Avec la Masia, c'est tous les jours Noël

  Serez-vous reconnaître Piqué, Fabregas et Messi lors de leur passage à la Masia ?


Depuis sa création le 29 novembre 1899, le FC Barcelone a réussi à amasser (entre autres) 21 titres de champion d'Espagne, quatre ligues de champion et deux coupes du monde des clubs. Un palmarès incroyable, qui n'en finit pas de s'étoffer année après année. L'ère Guardiola a rempli l'armoire à trophées catalane de treize titres supplémentaires en trois ans. Le technicien blaugrana, aussi doué soit-il, a pu compter sur une génération exceptionnelle, tout droit sortie (dans sa large majorité ) du centre de formation du Barça: la Masia. La pépinière des Blaugrana peut se targuer d'avoir lancé dans le grand bain les Xavi, Messi, Iniesta ou encore Puyol. Il est donc temps de rendre hommage à ce centre de formation qui cumule les lauriers, tout en prônant à merveille la philosophie "culé" qui fait la pluie et le beau temps sur les terrains d'Europe.

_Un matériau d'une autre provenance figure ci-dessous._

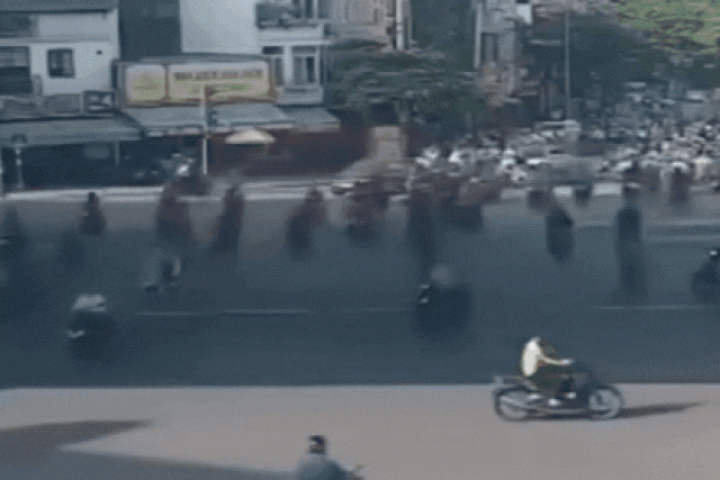 Ô tô đâm hàng loạt xe máy ở Trần Đại Nghĩa - Đại La: Một người tử vong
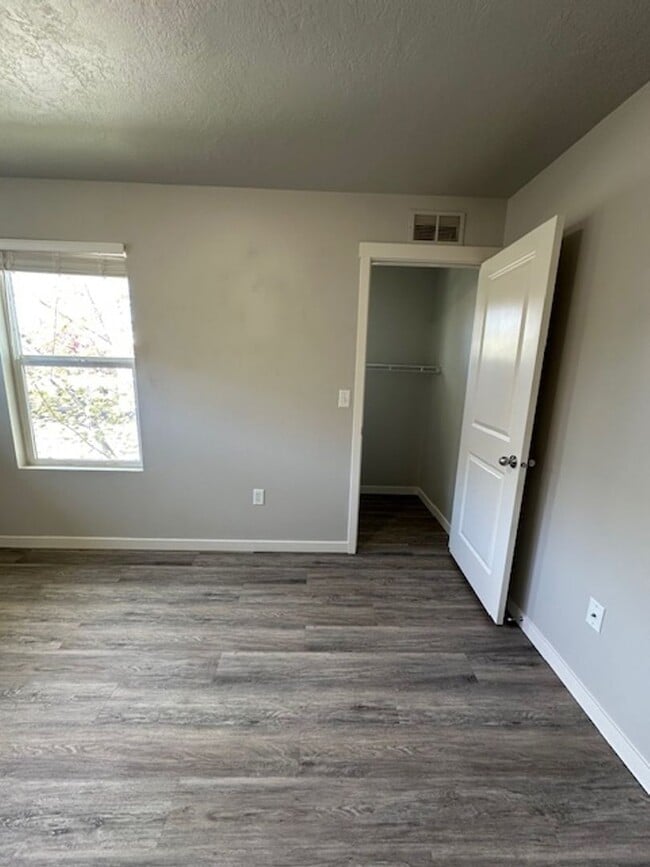 Building Photo - 207 Abraham Way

Le Barça de Rijjkard était celui des grandes individualités, à des milliers d'années de la grande époque symbolisée par la grinta de Cruyff. Puis Pep Guardiola est arrivé un soir de mai 2008 pour mettre un coup de balais à cette équipe catalane qui battait de l'aile. L'ancien numéro 4 des blaugranas a redoré  le blason du club en allant se servir dans son centre de formation : la Masia, créé en 1979 pour le club "culé". Le technicien espagnol peut donc maintenant récolter les lauriers : le Barca est devenu une véritable machine à gagner, écrasant le rival madrilène sur son passage. Une question saute donc aux yeux : que serait le Barça sans son centre de formation ? Et la réponse est limpide : une équipe lambda de la Liga. 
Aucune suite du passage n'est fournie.